INPUT>

※ ※ ※

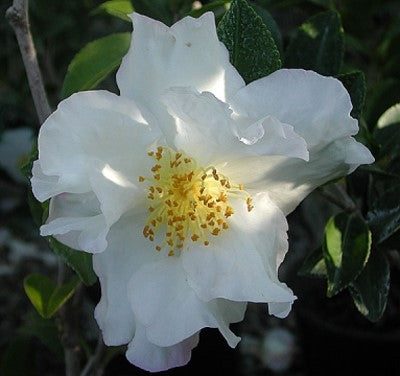 Camellia sasanqua 'Autumn Rocket' at Camellia Forest Nursery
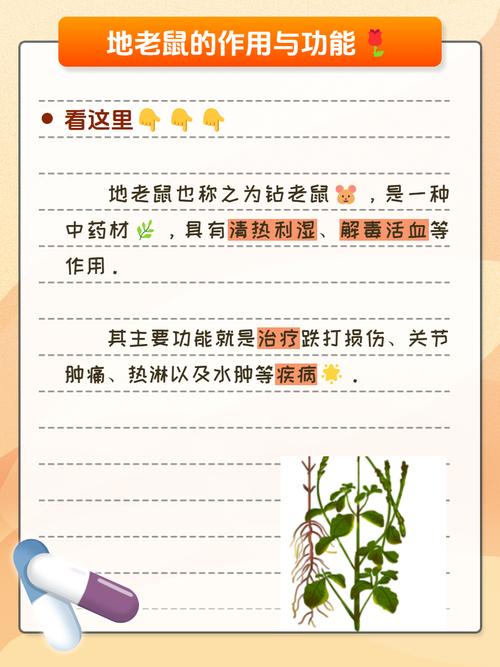 药用价值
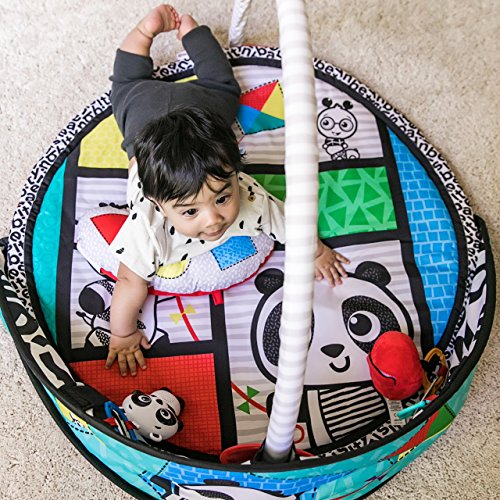 baby einstein bold new world play mat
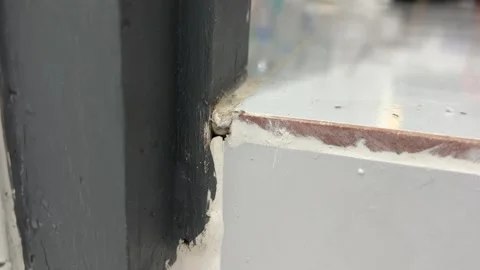Group of ant walking across a ceramic tile floor inside a home near a bathroom. Stock Footage 336775456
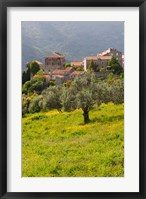 Framed Olive Groves, Ste-Lucie de Tallano
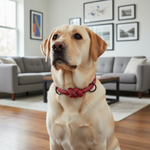Jack and Vanilla halsband voor honden, rood, 40 cm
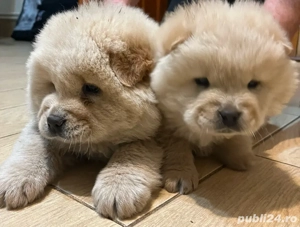 Vand pui Chow Chow - imagine 3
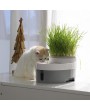 105oz/3.0L Automatic Cat Water Fountain Dog Water Dispenser with food bowl for Cats, Dogs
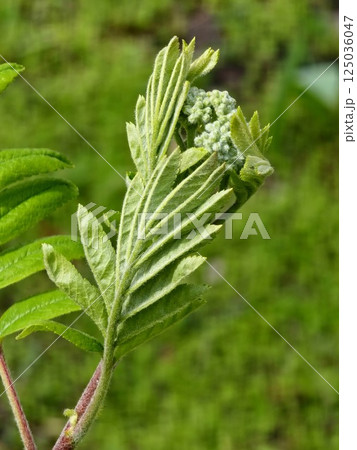 A young branch of a rowan tree with fresh young green leaves. Sorbus in Latin 125036047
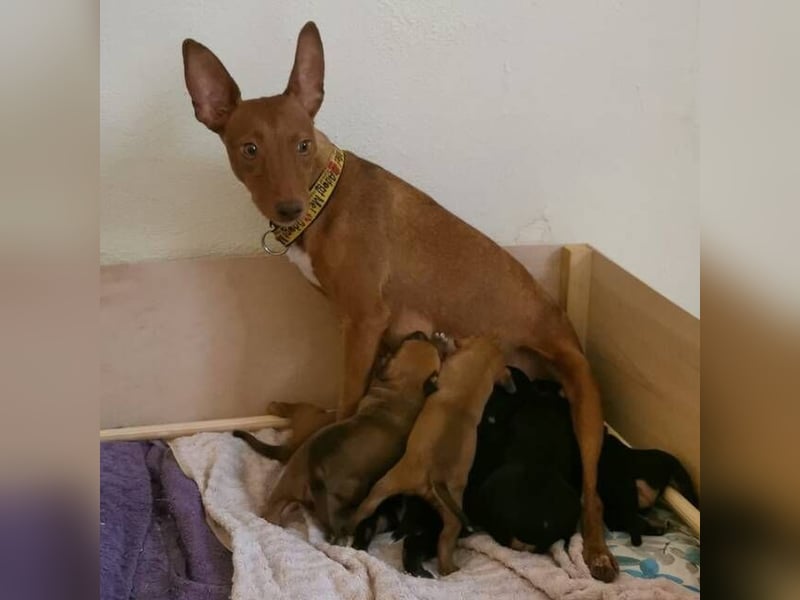 Flor (Spanien) - sucht ihre Familie fürs Leben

※ ※ ※

The copy you give must run from the line containing "A young branch" through the last line of the records, exactly, with the pictures left out.

 A young branch of a rowan tree with fresh young green leaves. Sorbus in Latin 125036047
 Flor (Spanien) - sucht ihre Familie fürs Leben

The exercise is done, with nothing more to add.